On reaching the ruins, it is clear that the house was built as a private residence, away from Stone Town and close to the sea. The house appears to have had several rooms including Persian-style baths were the Princess could relax after hunting. The house and gardens were in use up until around 1920 but unfortunately is now in ruins, with only the main walls still standing.

Dimbani (Kizimkazi)Mosque
Although originally founded in 1107, the Dimbani mosque underwent a major rebuilding programme in the 18th Century. However what remains of the original structure is reputed to be East Africa's most ancient mosque and the oldest surviving building in Zanzibar.

Dolphin Watching at Kizimkazi
The shallow coastal waters around Kizimkazi, now officially a protected area, has been the home for dolphins for many years. Two species of dolphin are resident in the area, the bottlenose dolphin and the humpback dolphin. Both reside here because there is a reliable food supply and is a good place to nurse their calves. The bottlenose dolphins are resident all year and are the more sociable of the two species. Traditional wooden fishing boats will take tourists to see and even swim with these creatures.

Dunga Palace
East of Stone Town lies the ruins of Dunga Palace. The site, as well as its historical significance, offers views over much of the island. Unlike Zanzibar's other palaces, which were built by the Omani Sultanate, Dunga was the last seat of the traditional rulers of Zanzibar, the Wawinyi Wakuu. Tradition links the Wawinyi Wakuu to Shirazi settlers from Persia who arrived over 1000 years ago, and with whom Zanzibar's original inhabitants intermarried to create the Hadimu tribe.

The palace was built in the early 19th century by Hasan bin Ahmad al-Alawi. It was built around a central courtyard, and was originally two storeys high with a roof top garden and stained glass windows. Unfortunately the palace was demolished in 1910 and only ruins can be seen now. However it is worth noting that in the 1920s some excavation work was undertaken with some interesting discoveries. These included finding drums and horns, traditional emblems of power throughout the Swahili coast. Also discovered was a well, half filled with human skeletons, possibly the victims of an archaic belief that mixing blood with mortar would ensure the solidity of a buildings foundations.

Jozani Forest
South East of Stone Town lies the Jozani Forest. This 50 sq. km forest contains several habitats including swamp forest, evergreen thickets, mangroves, and salt tolerant grassland. It is also home to a variety of wildlife, including Sykes and red colobus monkeys, bush pigs, suni antelope, elephant shrews and plenty of birdlife.

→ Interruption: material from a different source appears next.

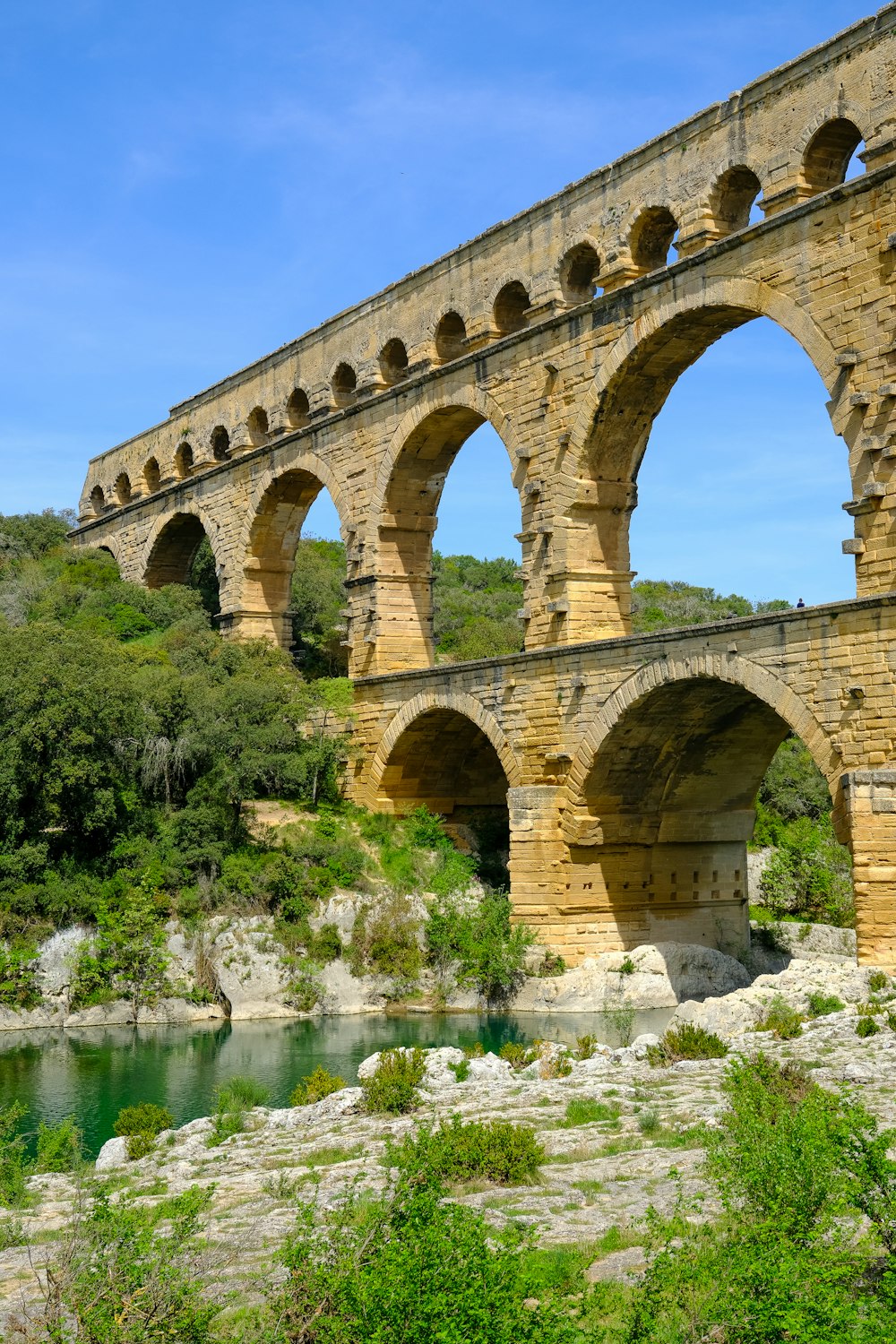 a stone bridge over a river surrounded by trees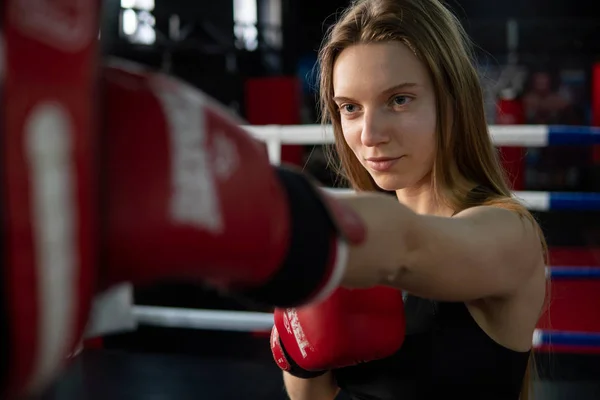 Blondes kaukasisches Kämpfermädchen, das aktiv zuschlägt. Üben in roten Boxhandschuhen — Stockfoto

Perhaps the forest's most famous and endearing residents is the red colobus with over half of the world's population residing within the National Park. This is one of the rarest monkeys in Africa, with numbers less than 2,000. Some troops or groups of monkeys inhabit low vegetation, coming close to the ground and affording the visitor excellent chances for viewing these rare animals.

Spice Tours
Spices have been present in Zanzibar for hundreds of years, but first took prominence in the early 16th century when the Portuguese began importing them from their colonies in South America and from India. However, Zanzibar didn't become a fully flourishing spice producing country until the Omani Arabs arrived some 200 years later and realised that the hot climate and regular rainfall made it a great location for spice farming. By the late 19th century (and following the abolition of slavery) spices became the main source of income in Zanzibar.

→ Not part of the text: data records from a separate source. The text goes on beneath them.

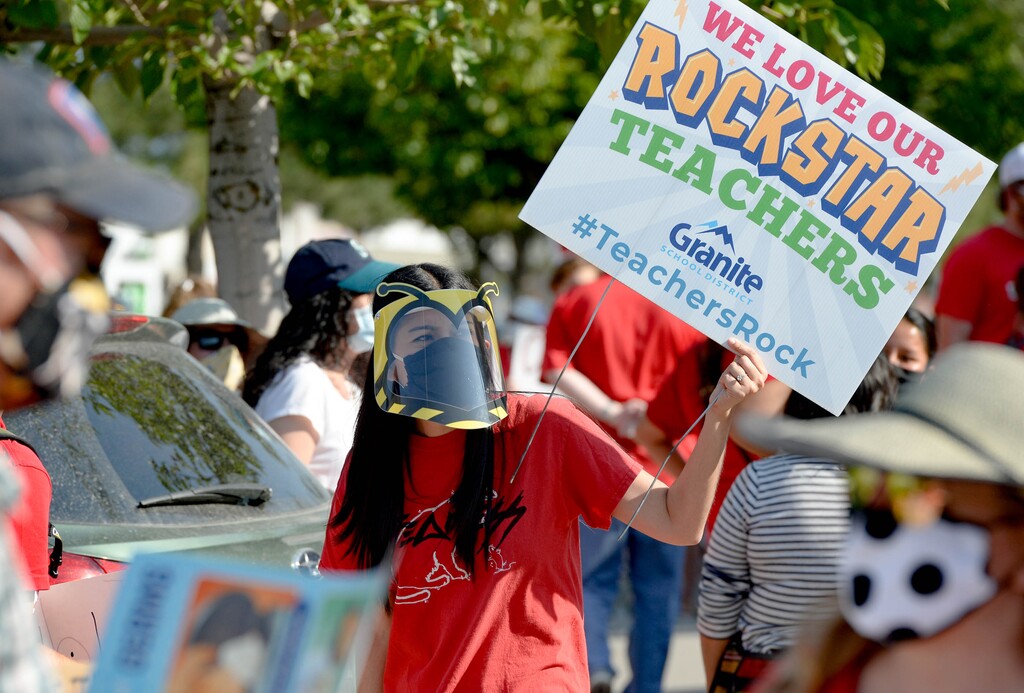 (Francisco Kjolseth  |  The Salt Lake Tribune) Sellika Reese, a first grade English teacher who teaches phonics, wears what she would need to teach which would make it very difficult for her students to understand her as she joined hundreds of Granite School district teachers gathered at the Granite School District office on Tuesday, August 4, 2020. The teachers were protesting the district’s plans for reopening, which will allow students back into the classroom, like normal, five days a week.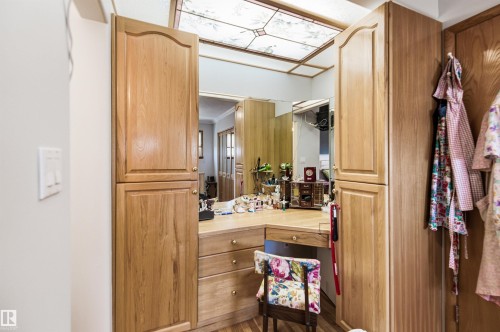 Built-in vanity area featuring wood-finish cabinetry, a mirrored wall, and a wood-finish countertop - 3920 35A Avenue, Red Deer, AB - Indoor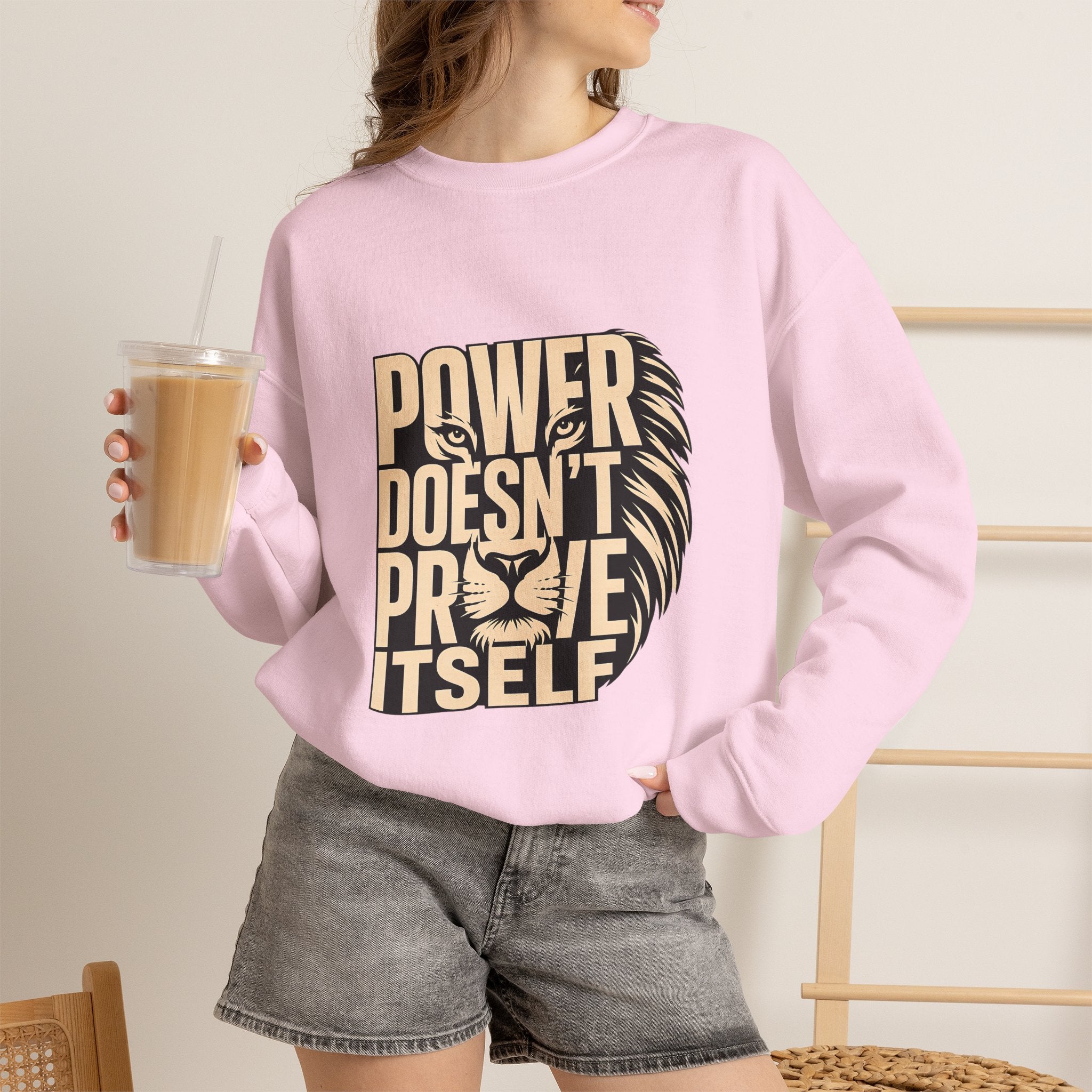 Crewneck Sweatshirt — "Power Doesn't Prove Itself" Lion Graphic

Spices are still very important in Zanzibar, they are used not only for cooking, but also to cure everyday ailments and to use as dyes and for cosmetic products.

A visit to Zanzibar should include a trip to one of the many spice farms where you will get the opportunity to walk around the plantations and enjoy the smells and tastes of some of the many spices available. It is also a great way to see the countryside.